Variable model_1/loss/ExponentialMovingAverage/ does not exist #54

demiguo · 2017-08-23T18:58:24Z

HI, I'm running the dev branch code on Tensorflow 1.2.

And I got this error:
Variable model_1/loss/ExponentialMovingAverage/ does not exist or was not created with tf.get_variable(). Did you mean to set reuse=None in VarScope.

From the stack trace, it was from basic/model.py, in _build_ema, ema_op=ema.apply(tensors).

I tried to add "with tf.variable_scope(tf.get_variable_scope(), reuse=False):" before eam.apply but that still doesn't work.

Any ideas how can I fix this?

Thanks!
I'm using CUDA8.0 and Cudnn5.1. Tensorflow v1.2, python 3.5.

Gandor26 · 2017-09-18T00:43:18Z

I found this problem only occurs in multi-GPU training. It's fine to use the same code without --num_gpus>1.

xingjinglu · 2018-02-07T09:05:02Z

@demiguo I have same issue, had you solved the problem?

uditsaxena · 2018-02-09T05:03:11Z

@demiguo I have the same issue. Because of this I can't train on a multiple GPU setup. Has anyone solved the problem?
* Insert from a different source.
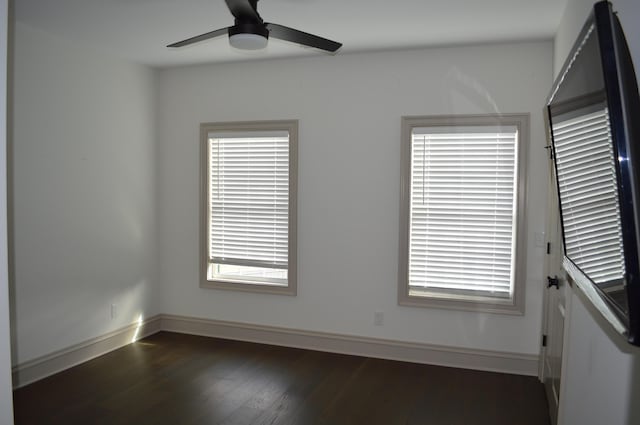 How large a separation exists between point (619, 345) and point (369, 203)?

ghost · 2018-04-13T12:28:47Z

I have the same problem

vidhumalik · 2018-04-21T12:14:21Z

Anyone found anything?

David-Levinthal · 2018-04-21T16:58:08Z

Same issue occurs on version patched to run on TF r.17
Note the following version works on 1 gpu but not on >1 gpu
https://github.com/klintan/bi-att-flow/tree/dev

Traceback (most recent call last):
File "/usr/lib/python3.5/runpy.py", line 184, in _run_module_as_main
"main", mod_spec)
File "/usr/lib/python3.5/runpy.py", line 85, in _run_code
exec(code, run_globals)
File "/home/levinth/bi-att-flow-zt1/basic/cli.py", line 128, in
tf.app.run()
File "/home/levinth/tf_r1.7_c91_712_py3/tensorflow/python/platform/app.py", line 126, in run
_sys.exit(main(argv))
File "/home/levinth/bi-att-flow-zt1/basic/cli.py", line 125, in main
m(config)
File "/home/levinth/bi-att-flow-zt1/basic/main.py", line 26, in main
_train(config)
File "/home/levinth/bi-att-flow-zt1/basic/main.py", line 85, in _train
models = get_multi_gpu_models(config)
File "/home/levinth/bi-att-flow-zt1/basic/model.py", line 21, in get_multi_gpu_models
model = Model(config, scope, rep=gpu_idx == 0)
File "/home/levinth/bi-att-flow-zt1/basic/model.py", line 68, in init
self._build_ema()
File "/home/levinth/bi-att-flow-zt1/basic/model.py", line 298, in _build_ema
ema_op = ema.apply(tensors)
File "/home/levinth/tf_r1.7_c91_712_py3/tensorflow/python/training/moving_averages.py", line 405, in apply
"VarHandleOp"]))
File "/home/levinth/tf_r1.7_c91_712_py3/tensorflow/python/training/slot_creator.py", line 179, in create_zeros_slot
colocate_with_primary=colocate_with_primary)
File "/home/levinth/tf_r1.7_c91_712_py3/tensorflow/python/training/slot_creator.py", line 156, in create_slot_with_initializer
dtype)
File "/home/levinth/tf_r1.7_c91_712_py3/tensorflow/python/training/slot_creator.py", line 65, in _create_slot_var
validate_shape=validate_shape)
File "/home/levinth/tf_r1.7_c91_712_py3/tensorflow/python/ops/variable_scope.py", line 1297, in get_variable
constraint=constraint)
File "/home/levinth/tf_r1.7_c91_712_py3/tensorflow/python/ops/variable_scope.py", line 1093, in get_variable
constraint=constraint)
File "/home/levinth/tf_r1.7_c91_712_py3/tensorflow/python/ops/variable_scope.py", line 439, in get_variable
constraint=constraint)
File "/home/levinth/tf_r1.7_c91_712_py3/tensorflow/python/ops/variable_scope.py", line 408, in _true_getter
use_resource=use_resource, constraint=constraint)
File "/home/levinth/tf_r1.7_c91_712_py3/tensorflow/python/ops/variable_scope.py", line 765, in _get_single_variable
"reuse=tf.AUTO_REUSE in VarScope?" % name)
ValueError: Variable model_1/loss/ExponentialMovingAverage/ does not exist, or was not created with tf.get_variable(). Did you mean to set reuse=tf.AUTO_REUSE in VarScope?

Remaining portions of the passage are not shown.